Marek Gróbarczyk.PAP/Marcin Gadomski
Marek Gróbarczyk made the declaration in a media interview on Tuesday, Polish state news agency PAP reported.
He added: “Non-coal docks have been turned into coal docks.”
Poland’s Prime Minister Mateusz Morawiecki has ordered two state companies, PGE and Węglokoks, to import 4.5 million tonnes of coal for Polish households by the end of October, the PAP news agency reported.
Lawmakers in the Polish Sejm lower house last month voted overwhelmingly to back a government plan to help households buy coal for heating in winter.
Under the bill, all families that use coal for home heating would be eligible for a one-off PLN 3,000 (EUR 630, USD 640) allowance to cover part of the cost.
New shipping canal near Russia to open on September 17
Gróbarczyk also said there was “a 99 percent certainty” that Poland would open a new waterway to the Baltic Sea, the so-called Vistula Spit Canal, „as scheduled, on September 17.”
Running through the Vistula Spit, the new canal is designed to allow ships to enter the Polish port of Elbląg without passing through the Strait of Baltiysk in Russia’s Kaliningrad region, according to officials.
Linking Elbląg with the Bay of Gdańsk on the Baltic Sea, the 23-kilometre-long, 5-metre-deep waterway will “help enhance Poland’s military as well as economic sovereignty,” the country’s conservative leader Jarosław Kaczyński has said.
Gróbarczyk has called the Vistula Spit Canal “a historic and groundbreaking project.”

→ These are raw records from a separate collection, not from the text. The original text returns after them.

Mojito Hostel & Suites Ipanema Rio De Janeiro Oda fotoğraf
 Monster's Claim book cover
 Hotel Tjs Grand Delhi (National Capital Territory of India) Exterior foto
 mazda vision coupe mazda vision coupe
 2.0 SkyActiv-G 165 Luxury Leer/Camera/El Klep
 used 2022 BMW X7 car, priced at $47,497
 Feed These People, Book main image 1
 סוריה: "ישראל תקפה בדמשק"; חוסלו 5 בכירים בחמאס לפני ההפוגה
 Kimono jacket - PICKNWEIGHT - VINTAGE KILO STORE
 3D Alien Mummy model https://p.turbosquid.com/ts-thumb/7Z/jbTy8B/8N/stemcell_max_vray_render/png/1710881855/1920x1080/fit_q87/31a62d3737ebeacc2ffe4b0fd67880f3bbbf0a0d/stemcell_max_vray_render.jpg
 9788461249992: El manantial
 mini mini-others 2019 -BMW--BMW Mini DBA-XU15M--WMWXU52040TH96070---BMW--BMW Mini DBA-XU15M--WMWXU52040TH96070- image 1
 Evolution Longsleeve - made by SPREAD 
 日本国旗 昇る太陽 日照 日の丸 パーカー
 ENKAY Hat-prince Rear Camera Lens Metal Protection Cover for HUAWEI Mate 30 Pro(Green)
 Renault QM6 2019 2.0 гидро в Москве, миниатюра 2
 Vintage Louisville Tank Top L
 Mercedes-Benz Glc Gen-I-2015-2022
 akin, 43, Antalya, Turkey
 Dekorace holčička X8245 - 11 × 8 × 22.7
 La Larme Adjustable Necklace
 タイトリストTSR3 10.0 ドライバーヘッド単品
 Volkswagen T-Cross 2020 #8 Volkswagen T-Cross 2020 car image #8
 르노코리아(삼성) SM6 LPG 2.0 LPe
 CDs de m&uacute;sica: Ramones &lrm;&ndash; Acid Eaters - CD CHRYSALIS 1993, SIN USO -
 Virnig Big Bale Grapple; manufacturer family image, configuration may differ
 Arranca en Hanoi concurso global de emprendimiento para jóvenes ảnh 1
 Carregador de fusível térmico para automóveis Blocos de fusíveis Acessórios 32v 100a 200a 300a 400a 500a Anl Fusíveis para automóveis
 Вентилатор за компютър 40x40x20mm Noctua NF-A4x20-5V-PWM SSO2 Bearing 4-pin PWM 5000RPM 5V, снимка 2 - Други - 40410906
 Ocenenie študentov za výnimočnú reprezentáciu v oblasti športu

The planned date for its launch is symbolic; on September 17, 1939, Josef Stalin’s Soviet Union invaded Poland following a secret agreement with Adolf Hitler’s Nazi Germany.
Baltic Pipe to be launched on September 29
Gróbarczyk told Polish Radio that the Baltic Pipe, a new pipeline designed to bring natural gas to Poland from Norway through Denmark, would be launched on September 29.
He said the pipeline would eventually carry 10 billion cubic metres of gas per year.
Along with an LNG terminal in the northwestern city of Świnoujście and Poland’s own gas production, „this makes our country 100 percent energy secure,” Gróbarczyk added.
His remarks come as Europe grapples with an energy crisis caused by Russia’s invasion of Ukraine, the PAP news agency reported.
Tuesday is day 160 of the Russian invasion of Ukraine.